The University of the Arts Bremen (German: Hochschule für Künste Bremen, HfK Bremen) is a public university in Bremen, Germany. It is one of the most successful arts institutions, and its origins date back to 1873. The University of the Arts Bremen runs a Faculty of Fine Arts and Design, and a Faculty of Music, with approximately 900 students, 65 professors and about 180 assistant professors.

The academic subdivisions within the University are Music, Art, Design and practical theory. The institution's specialisms in both music and visual arts is unique within Germany, save for the Berlin University of the Arts. Recent works and exhibitions combine visual art, digital media and music, with emphasis on co-operation between disciplines.

==History==
In 1998, the institution celebrated the tenth anniversary of the University of the Arts and the 125th anniversary of the Art Academy.

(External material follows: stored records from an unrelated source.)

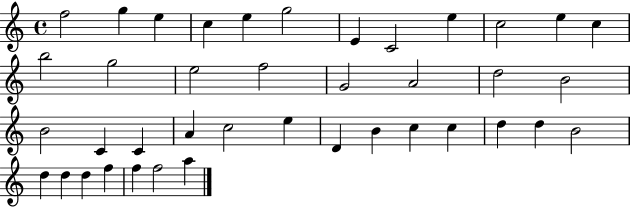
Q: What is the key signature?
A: C major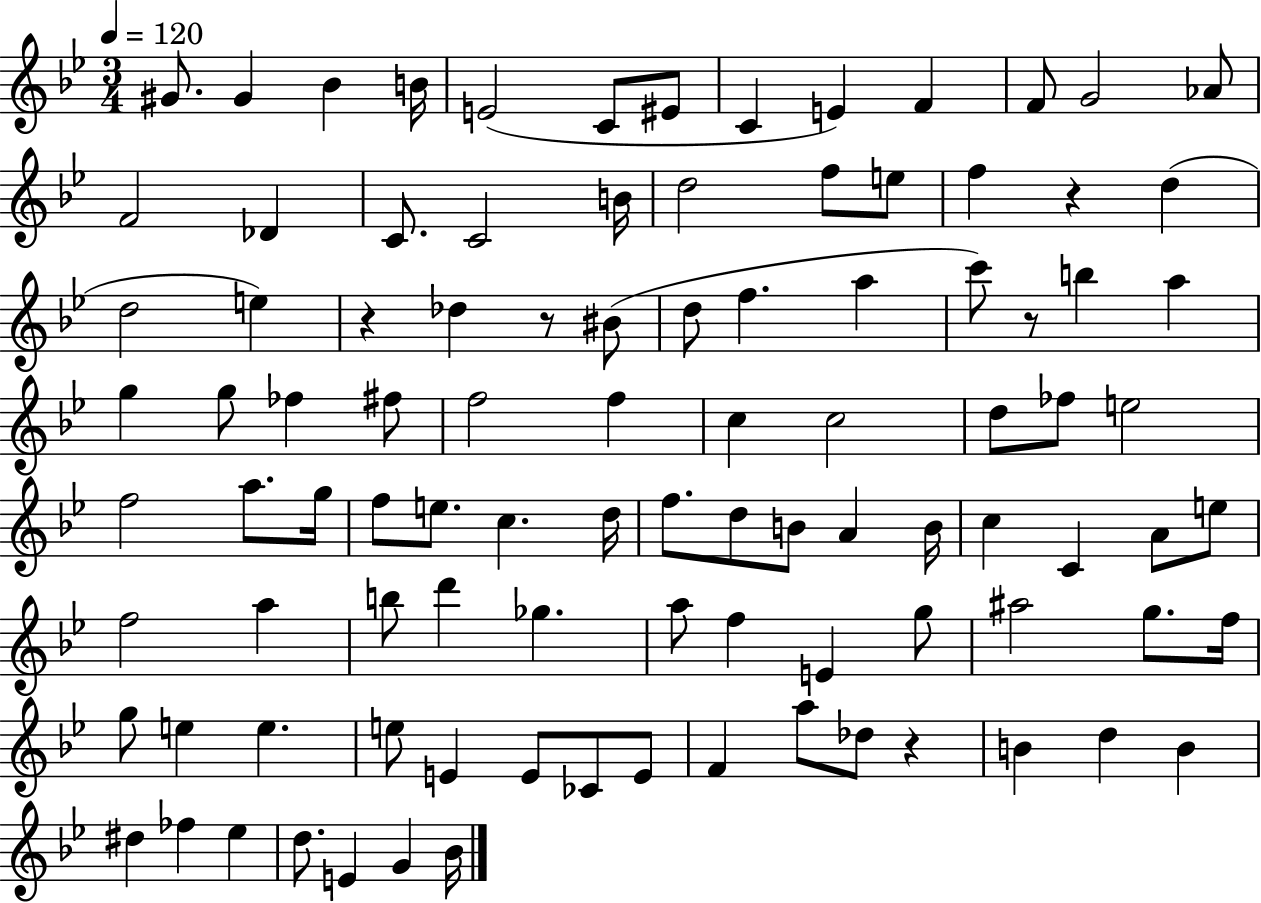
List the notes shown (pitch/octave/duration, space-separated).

G#4/e. G#4/q Bb4/q B4/s E4/h C4/e EIS4/e C4/q E4/q F4/q F4/e G4/h Ab4/e F4/h Db4/q C4/e. C4/h B4/s D5/h F5/e E5/e F5/q R/q D5/q D5/h E5/q R/q Db5/q R/e BIS4/e D5/e F5/q. A5/q C6/e R/e B5/q A5/q G5/q G5/e FES5/q F#5/e F5/h F5/q C5/q C5/h D5/e FES5/e E5/h F5/h A5/e. G5/s F5/e E5/e. C5/q. D5/s F5/e. D5/e B4/e A4/q B4/s C5/q C4/q A4/e E5/e F5/h A5/q B5/e D6/q Gb5/q. A5/e F5/q E4/q G5/e A#5/h G5/e. F5/s G5/e E5/q E5/q. E5/e E4/q E4/e CES4/e E4/e F4/q A5/e Db5/e R/q B4/q D5/q B4/q D#5/q FES5/q Eb5/q D5/e. E4/q G4/q Bb4/s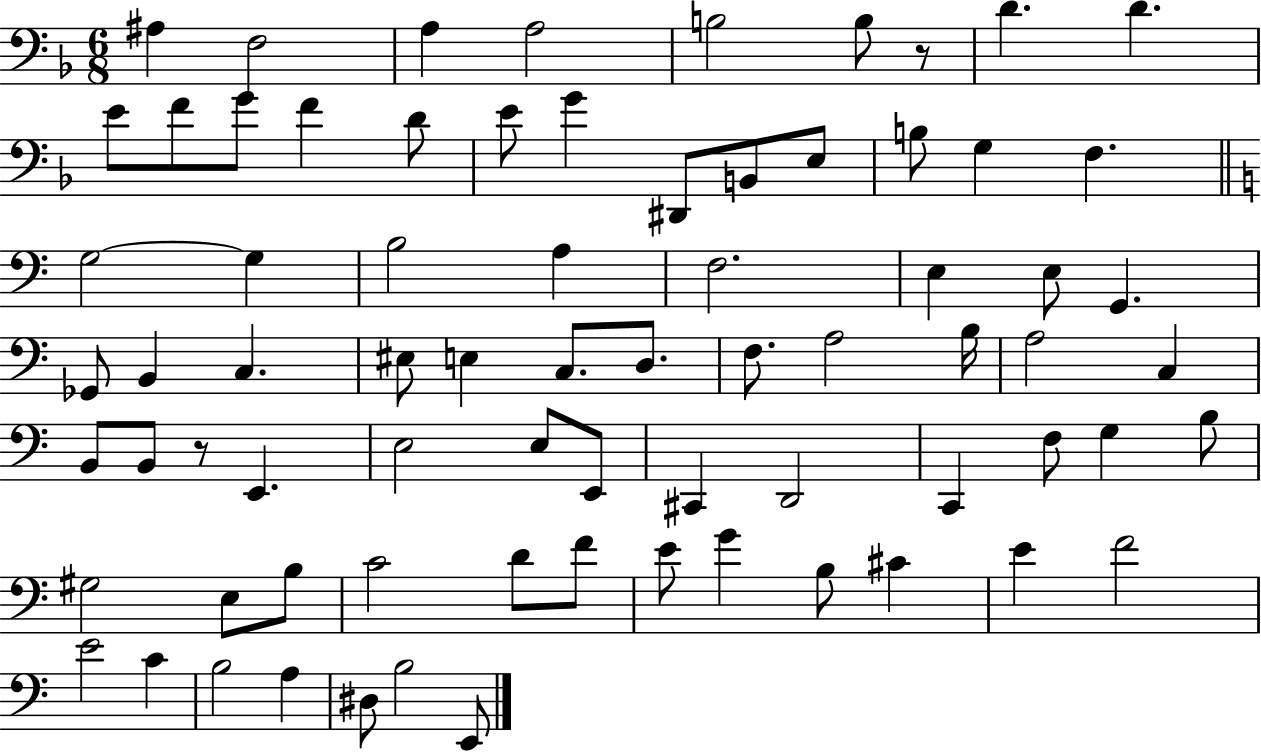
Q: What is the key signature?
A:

Since 2003, the Fine Arts Faculty of the University of the Arts Bremen has been located at Speicher XI, in the former overseas harbour in the Überseestadt district. The Music Faculty is located at a second site on the Dechanatstraße in the city centre, close to the Rathaus and the Cathedral.

==Courses of studies==
The following study programs are offered by the university:

===Department of Fine Art and Design===
- Fine art, Diplom, classes
- sculpture
- film
- photography
- graphic design
- ceramics
- concept
- painting
- new media
- drawing
- Design, Diplom, focus
- information design
- product design
- fashion design
- Digital media, Bachelor/Master
- media studies

===Department of Music===
- Diplom and postgraduate studies in singing, early music, musical composition, music education, church music and training for music teachers.
- Advanced and further training courses for highly talented students from regular schools
- International EuropaChorAkademie, founded by Joshard Daus in 1997, in collaboration with the University of Mainz.

== Alumni ==
 see also: :Category:University of the Arts Bremen alumni
- Christian Dawid, clarinetist
- Esther Haase, photographer
- Dorothee Mields, soprano
- Nils Mönkemeyer, violist
- Barbara Stühlmeyer, writer, musicologist
- Ludger Stühlmeyer, cantor, composer, musicologist
- Erich Witte, stage actor, operatic tenor and opera director
- Boris Cepeda, pianist, conductor, diplomat

== Academic staff ==

- Klaus Bernbacher, German conductor, music event manager, broadcasting manager
- Hans Davidsson, Swedish organist and organ teacher
- Angelo Evelyn, Canadian artist
- Hans-Joachim Frey, theatre director, theatre manager and cultural manager
- Rudolf Kelber, organist, harpsichordist, conductor and church musician
- Maximilian Marcoll, composer and performer
- Thomas Mohr (tenor), tenor and academic teacher
- Hille Perl, viola da gamba player and teacher
- Stephen Stubbs, American lutenist and music director in the early music scene

==Literature==
- Hesse, Hans: Bis zur Narbe. Eine Erzählung. Bremen 2011. Ed. by the University of the Arts Bremen. ISBN 978-3-00-033578-5.